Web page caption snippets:
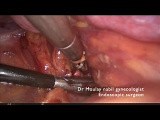 Internal Iliac Artery Ligation and Myomectomy • Video • MEDtube.net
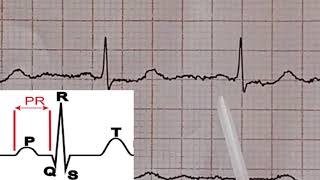 ECG Interpretation tres facile de l ECG 9eme partie Lecture d un ECG Normal [upl. by Thetis]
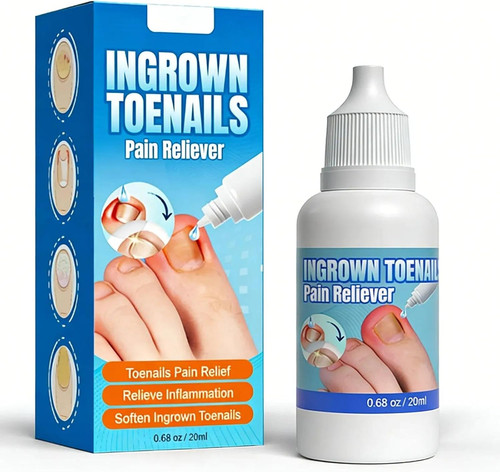 Ingrown toenail treatment - toenail,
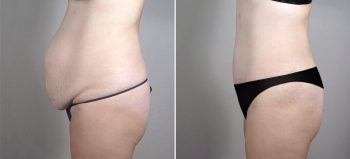 Liposuction Patient 56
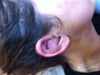 Cauliflower ear very painful I hope it goes back to normal?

* [INSTRUCTIONS FOR THE TASK]:
Type out all of the records exactly, leaving out any picture.

* [WRITTEN REPLY]:
 Internal Iliac Artery Ligation and Myomectomy • Video • MEDtube.net
 ECG Interpretation tres facile de l ECG 9eme partie Lecture d un ECG Normal [upl. by Thetis]
 Ingrown toenail treatment - toenail,
 Liposuction Patient 56
 Cauliflower ear very painful I hope it goes back to normal?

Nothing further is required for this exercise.